Goal of the exercise = From the line that contains "this 400×267 image." down to the final line of the listing below, set down every line exactly, both ends included, and drop the pictures.

Recorded data =
━━━━

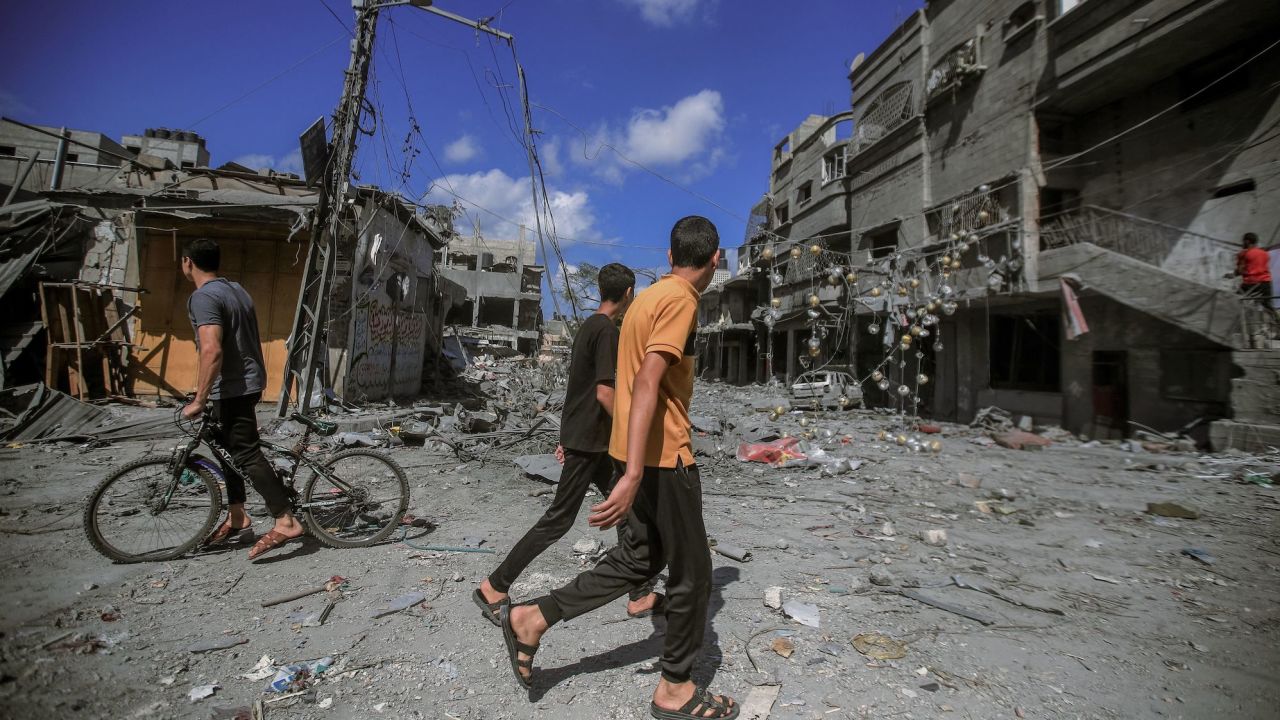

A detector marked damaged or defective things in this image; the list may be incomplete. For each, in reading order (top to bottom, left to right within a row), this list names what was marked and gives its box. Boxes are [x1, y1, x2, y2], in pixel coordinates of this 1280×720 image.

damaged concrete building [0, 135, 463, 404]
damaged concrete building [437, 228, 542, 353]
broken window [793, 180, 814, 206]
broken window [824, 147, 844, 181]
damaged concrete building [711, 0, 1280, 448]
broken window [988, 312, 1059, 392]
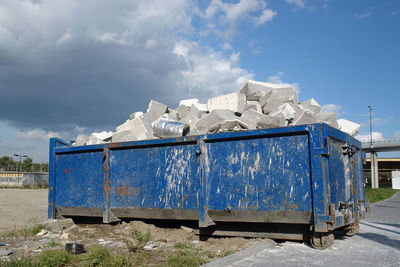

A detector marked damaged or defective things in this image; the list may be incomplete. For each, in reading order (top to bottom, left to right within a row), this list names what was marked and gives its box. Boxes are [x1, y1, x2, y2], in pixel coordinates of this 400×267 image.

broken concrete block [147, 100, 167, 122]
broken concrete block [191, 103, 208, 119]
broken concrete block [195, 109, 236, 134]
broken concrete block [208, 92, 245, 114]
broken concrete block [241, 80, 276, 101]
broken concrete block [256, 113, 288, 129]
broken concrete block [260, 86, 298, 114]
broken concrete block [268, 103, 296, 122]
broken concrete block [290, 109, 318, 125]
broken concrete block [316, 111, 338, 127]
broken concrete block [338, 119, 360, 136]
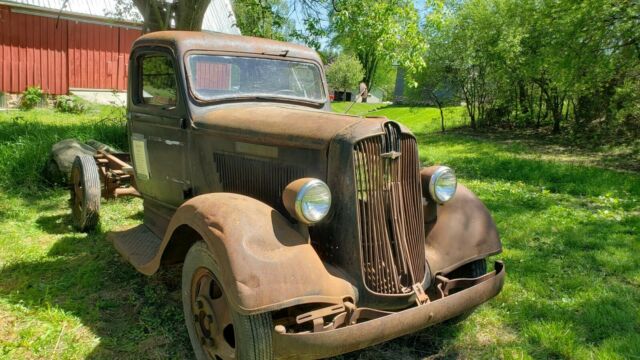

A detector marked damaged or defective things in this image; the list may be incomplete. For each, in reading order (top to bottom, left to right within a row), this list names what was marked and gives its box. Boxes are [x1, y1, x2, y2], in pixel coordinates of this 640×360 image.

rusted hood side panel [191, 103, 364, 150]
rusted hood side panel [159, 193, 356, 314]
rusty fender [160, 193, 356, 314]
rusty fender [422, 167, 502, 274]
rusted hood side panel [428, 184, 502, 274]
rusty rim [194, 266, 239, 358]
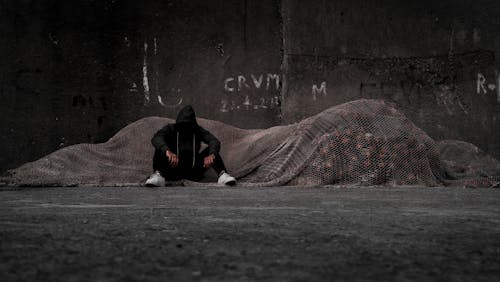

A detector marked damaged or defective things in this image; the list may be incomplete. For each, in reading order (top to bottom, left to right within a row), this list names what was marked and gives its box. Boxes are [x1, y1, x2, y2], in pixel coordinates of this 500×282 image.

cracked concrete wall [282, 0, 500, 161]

━━━━

Output for this task =
A detector marked damaged or defective things in this image; the list may be incomplete. For each, in reading order (top to bottom, left to right within a row), this list names what was marked and gives its box. Boxes are [x1, y1, x2, y2], in pixel coordinates of this 400×267 image.

broken concrete block [147, 100, 167, 122]
broken concrete block [191, 103, 208, 119]
broken concrete block [195, 109, 236, 134]
broken concrete block [208, 92, 245, 114]
broken concrete block [241, 80, 276, 101]
broken concrete block [256, 113, 288, 129]
broken concrete block [260, 86, 298, 114]
broken concrete block [268, 103, 296, 122]
broken concrete block [290, 109, 318, 125]
broken concrete block [316, 111, 338, 127]
broken concrete block [338, 119, 360, 136]

A detector marked damaged or defective things in this image; the list may be incomplete. For each, in reading order (top to bottom, left to right within a row), this list names what was marked and gives its box. Boxes are [x1, y1, x2, y2], in pixel coordinates of this 640×360 image.

rusted hood side panel [191, 103, 364, 150]
rusted hood side panel [159, 193, 356, 314]
rusty fender [160, 193, 356, 314]
rusty fender [422, 167, 502, 274]
rusted hood side panel [428, 184, 502, 274]
rusty rim [194, 266, 239, 358]

A detector marked damaged or defective things in this image; the list may be incomplete. For each, in reading order (top to bottom, left to right within a row), this list names what was marked and gives its box. Boxes are [x1, y1, x2, y2], in pixel coordinates of this 500×282 image.

cracked concrete wall [282, 0, 500, 161]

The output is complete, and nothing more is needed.